Par Didier Pasamonik (L’Agence BD) le 16 février 2023                      Lien  
En 2014, les salafistes de Daech profitent de l’effondrement de l’Irak et de la guerre civile syrienne pour proclamer un état indépendant à cheval sur les deux états, le long de la frontière turque, englobant une zone majoritairement habitées par les Kurdes. Le conflit se fixe notamment sur l’enclave de Kobané, au cœur du Kurdistan syrien ou Rojava, où les combattants kurdes défendent ardemment leur territoire face à la menace de Daech. Un conflit où sont engagés les Occidentaux (les USA, la France…), tandis que les jeux politiques régionaux compliquent les rapports de force. C’est dans ce contexte qu’un jeune Français, lassé par un militantisme politique qu’il juge un peu vain, décide de s’engager aux côtés des combattants kurdes. Cet album est un peu son « Journal de guerre ».

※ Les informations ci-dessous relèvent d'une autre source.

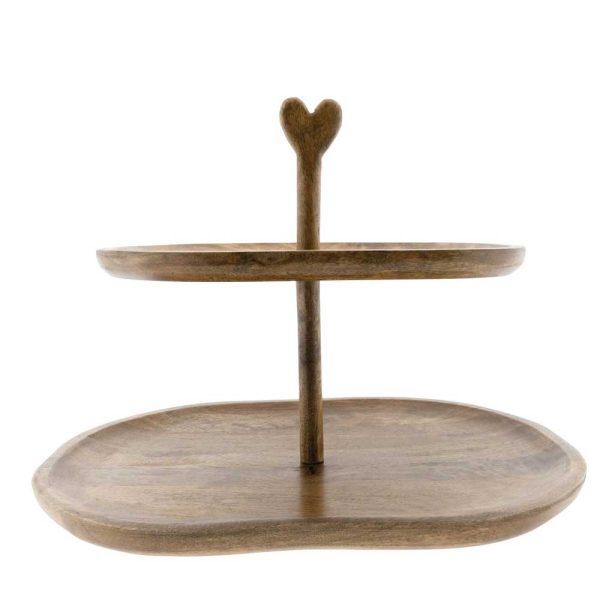 Bastion Collections - Etagere Groß Holz Natur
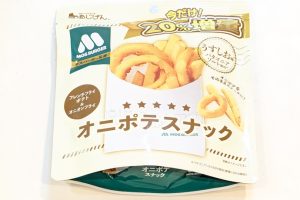 味源 モスバーガー監修オニポテスナックうすしお味 ２０％増量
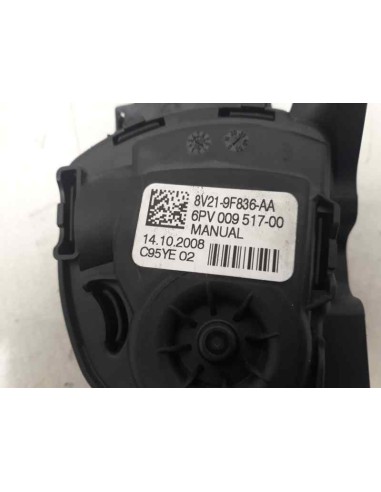 Recambio de potenciometro pedal para ford fiesta (cb1) 1.6 tdci cat referencia OEM IAM 8V219F836AA  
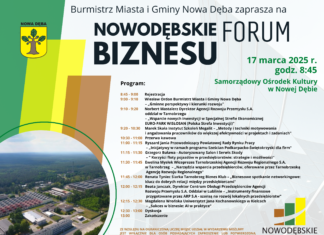 NOWODĘBSKIE FORUM BIZNESU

Nous sommes d’emblée sur le terrain, sous le feu des tirs ennemis. Puis dans un petit retour en arrière, l’album nous explique comment ce jeune Français, partagé entre un militantisme « révolutionnaire » un peu stérile et des jobs où il se trouve à la merci de petits chefs méprisants, se met à s’engager pour la cause kurde, au point de décider de quitter sa famille et d’aller se battre en Syrie contre Daech, l’hydre islamiste qui prospère à ce moment-là en Syrie et en Irak.

Venu d’un pays où le service militaire est aboli, il n’a aucune expérience de la guerre. Qu’importe, on va le former en quelques mois dans des sortes de « brigades internationales » et le confronter à la dure réalité des combats. C’est ce quotidien qui est raconté dans ce journal, jusqu’à la chute de Raqqa, capitale du califat proclamé de Daech.

Jusqu'à Raqqa - Un combattant français avec les Kurdes contre Daech – Par André Hébert et Nicolas Otero – Ed. Delcourt

Le dessin d’Otero, que l’on a vu à l’œuvre notamment dans La Cellule – Enquête sur les attentats du 13 novembre 2015 (Les Arènes), un album qui n’est pas sans connexion avec cet ouvrage, est parfaitement clinique, appuyé sur une abondante documentation photographique. Le récit se lit avec fluidité, la guerre est très bien racontée, distillant une multitude d’informations sur un conflit complexe dont nous n’avons que quelques échos dans nos médias. En cela, l’ouvrage est précieux.

Reste que la partie personnelle du récit, et notamment la question de comprendre quels sont les ressorts idéologiques, voire le romantisme, qui poussent un jeune Français sans lien avec le Kurdistan ou la Syrie à laisser famille et amis pour aller risquer sa vie à l’autre bout du monde, cette dimension-là nous semblent manquer singulièrement ici.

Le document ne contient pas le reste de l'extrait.